In the global chip foundry industry, Samsung still lags far behind TSMC in terms of advanced process yield and OEM scale. However, Samsung is scaling up its investment in a chip manufacturing center near Austin in response to the Trump administration's ambition to “return chip manufacturing to the US,” where Tesla's headquarters is located.

In the chip industry chain, TSMC can be called an “eternal god” (YYDS), explaining what “classics never go out of style” — AI GPUs and AI ASICs, which are currently in extremely high demand, are inseparable from TSMC. With decades of core manufacturing technology accumulation in the field of chip manufacturing and a long time at the cutting edge of chip manufacturing technology improvement and innovation, TSMC has long dominated the vast majority of global chip OEM orders with advanced processes and packaging technology from global chip manufacturers, and high yield, especially chip OEM orders with the most advanced manufacturing processes at 5nm and below.

Compared to Nvidia AI GPUs, AI5 pursues more powerful performance/power consumption and lower latency

Speaking at the performance conference call, Musk said through a post on the X platform that Tesla's self-developed AI chip, AI5, was not designed as a graphics processor along the traditional AI computing power route because it eliminated image signal processing to save space and maximize cost performance and energy efficiency. Musk once said that the AI5 chip's performance is 40 times that of AI4.

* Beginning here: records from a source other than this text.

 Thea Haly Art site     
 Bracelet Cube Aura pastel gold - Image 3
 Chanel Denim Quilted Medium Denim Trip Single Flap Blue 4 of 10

Tesla relies on large-scale computing power clusters composed of these AI chips — including self-developed AI5 clusters and Nvidia's AI GPU training computing power clusters, to provide extremely powerful AI computing power support for Tesla's fully autonomous electric vehicle functions (i.e. Tesla FSD) and the humanoid robot product line, which is still in its early stages. The electric vehicle company is also striving to be able to use self-developed AI hardware technology in combination with flagship AI computing power hardware owned by Nvidia, a leader in artificial intelligence computing processors.

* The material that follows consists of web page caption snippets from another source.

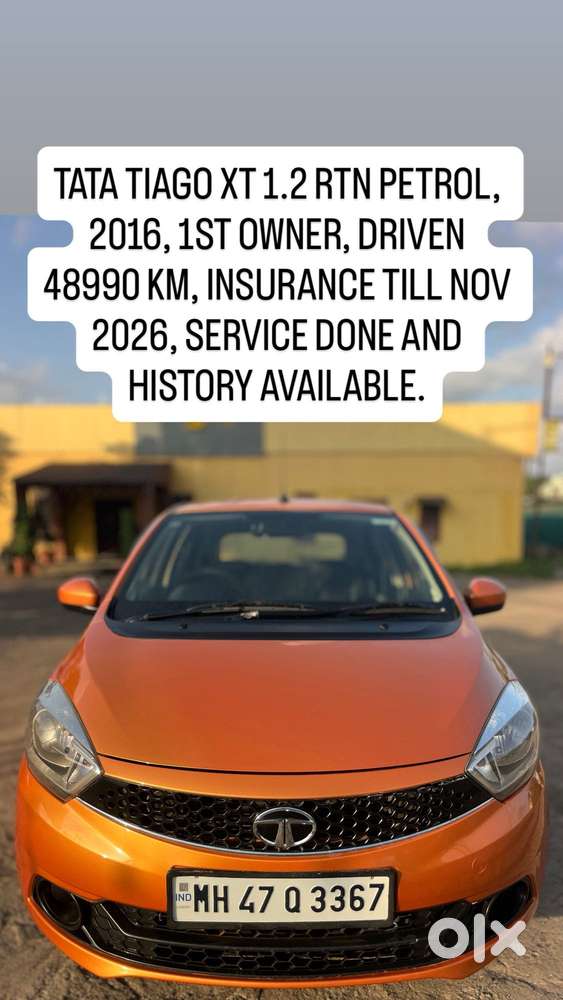 Tata Tiago 1.2 Revotron Xt (o), 2016, Petrol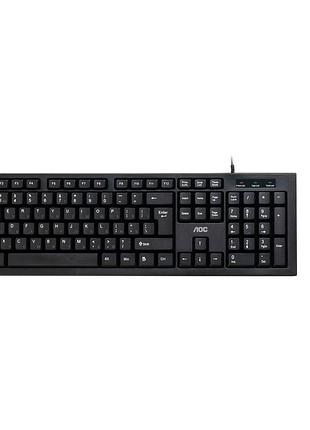 Комплект aoc km160b usb ua black (km160b/97)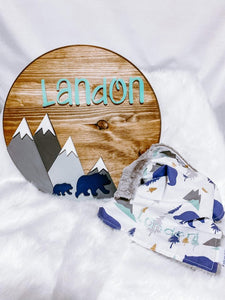 Round Nursery Sign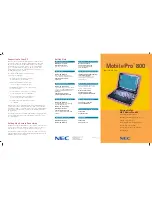 Предварительный просмотр 2 страницы NEC MOBILEPRO 800 - Quick Manual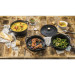 Zestaw 3 naczyń żeliwnych z pokrywką STAUB 40508-386-0 - czarny 24 cm - Galeria zdjęcie 7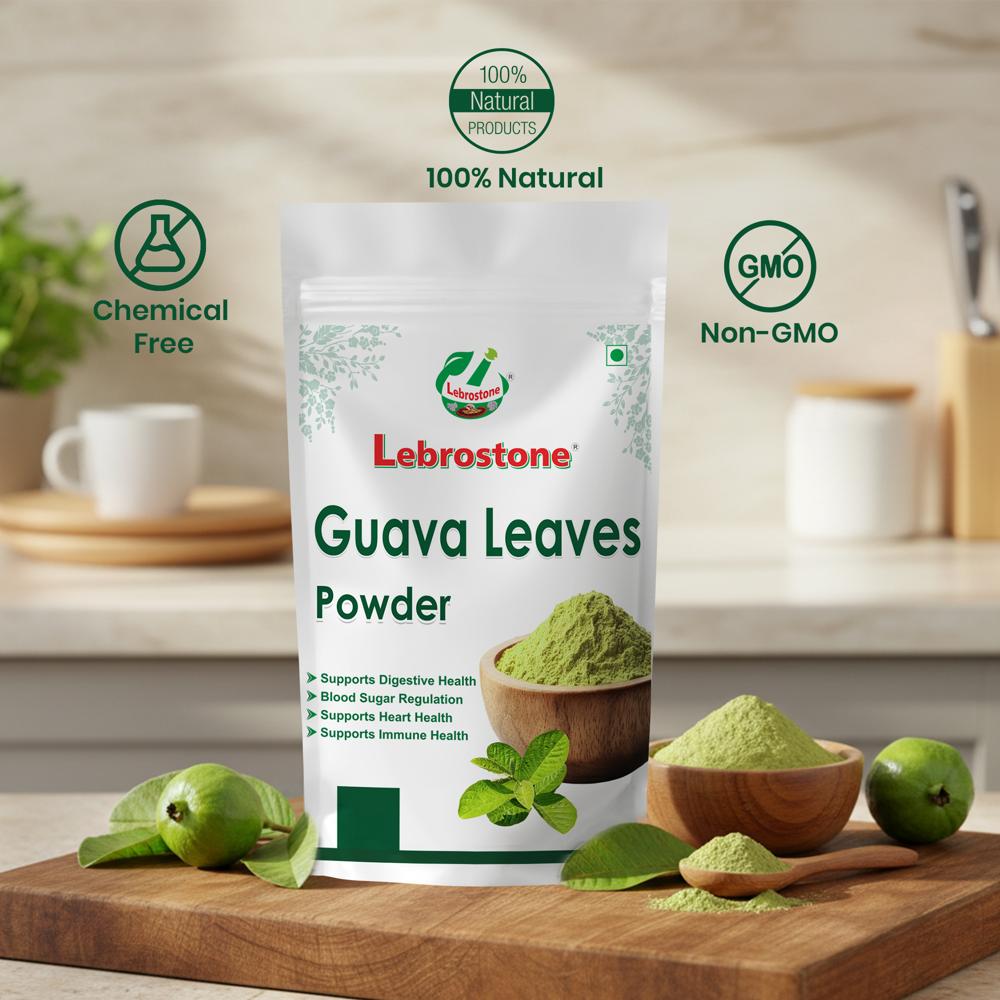 Lebrostone Guava Leaves Powder  Natural Blood Sugar Support, Immunity & Digestion Aid, Healthy Skin(200g)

In July of this year, Musk said that Tesla will use Samsung's advanced manufacturing process to manufacture the next AI6 chip, and said that the two companies signed a cooperation agreement worth 16.5 billion US dollars, which is seen as a major victory for Samsung's chip foundry business — that is, the business that produces chips for external customers. This also means that AI6 will be completely OEM by Samsung rather than a two-wire foundry like AI5.

At the time, Musk said that Samsung had already produced the previous AI4 chip, while Tesla relied on TSMC to produce the version it was developing at the time.

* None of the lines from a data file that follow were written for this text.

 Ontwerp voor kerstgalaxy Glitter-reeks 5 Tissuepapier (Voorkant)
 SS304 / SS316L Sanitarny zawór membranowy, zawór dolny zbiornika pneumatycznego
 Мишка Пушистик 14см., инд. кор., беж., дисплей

According to current public information, AI5 is a dedicated AI chip (ASIC) “for real-time inference on the vehicle side”. Musk clearly stated that it was not a traditional GPU design, and the image signal processing (ISP) module was eliminated to free up more transistor space for neural network computation and local storage, thereby pursuing better performance/power consumption (perf/W) and lower latency compared to GPUs.

The biggest difference with Nvidia's AI GPU architecture is that AI5 cuts out hardware modules that have nothing to do with car-side inference or have low marginal benefits (Musk names ISP, which significantly saves transistors and static/dynamic power consumption, and promotes greater coverage area of inference power and on-chip storage), and focuses the area and power consumption budget on matrix/attention units, on-chip SRAM, and high-speed interconnect between chips; in principle, such “task-specific AI ASICs” can bring more enhanced /W and better deterministic latency.

It is worth noting that Tesla's latest caliber focuses on “inference” rather than self-developed AI training chips (especially after the Dojo supercomputing team was shut down, Tesla's computing power routes were integrated into AI5/AI6 as the core route). The goal is a multi-modal perception/planning model for high-efficiency motorcycles with low to medium power consumption. This is different from Nvidia's general approach in data center training+extensive edge applications. This is why Tesla is still insisting on purchasing Nvidia AI GPUs while developing its own AI chips — probably Tesla's large autonomous driving AI model for data centers Training computing power clusters.